In other words, a matchup not one person with FOX Sports or MLB is the least bit upset about.
The current iteration of these teams have never met in the World Series, though the franchises once did in 1916 when the Red Sox met the Brooklyn Robins.
That series, like this one, didn't lack for star power.
Future Hall of Famer Rube Marquard led the Brooklyn pitching staff and the Robins also featured a 25-year-old outfielder who would make a much bigger name for himself years down the road as a manager for two New York franchises — Casey Stengel.
Boston won Game 2 of the series, 4-1, when the Red Sox threw their ace left-hander who was still a few years from deciding he'd rather hit than pitch, a 21-year-old named Babe Ruth.
Stars galore dot both current rosters, led by Clayton Kershaw, Kenley Jansen and Manny Machado for the Dodgers. The Red Sox counter with stars in Mookie Betts, J.D. Martinez and Chris Sale.
Though there is little surprise to these teams being in the Series, the clubs took vastly different journeys. The Dodgers, who lost to the Astros in the seventh game of last year's World Series, were strong favorites to win the NL West but wobbled through much of the regular season and had to survive a one-game playoff against the Rockies to claim the division crown, finishing 92-71. They took out the Braves in four games in the Division Series, then prevailed in a seven-game series against the Brewers in the NLCS.

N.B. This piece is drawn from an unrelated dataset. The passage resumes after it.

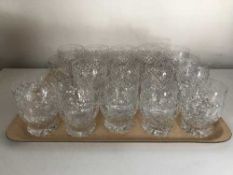 A suite of fifty eight lead crystal glasses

"We haven't had 'easy' in the playbook all year," Andrew Friedman, the Dodgers president of baseball operations, told the Los Angeles Times late Saturday after a 5-1 victory over the Brewers in Game 7 in Milwaukee. "So for it to come down this way shouldn't be surprising. Ultimately, at the end of the day, the talent in this room won out."
The Red Sox, meanwhile, experienced little resistance. They ran away from the Yankees to win the AL East, going a franchise-best 108-54, then took out their long-time rival in four games in the Division Series. Considered underdogs by many against the defending champion Astros, the Red Sox won the series, 4-1, taking four straight after losing Game 1 at Fenway.
"We know who we have in this clubhouse, we know we're going to have an opportunity for someone different to step up every night," closer Craig Kimbrel said after the Red Sox clinched the ALCS in Game 5 in Houston, their fifth straight road victory this postseason. "You saw that in this series."
David Price, who threw six scoreless innings in Game 5 to finally earn his first career postseason win as a starter, was asked what the Astros series taught the Red Sox about themselves.
"We have a very good team," Price said after a brief pause. "I don't think we learned that, we already knew that, but I think we proved that against another very good team."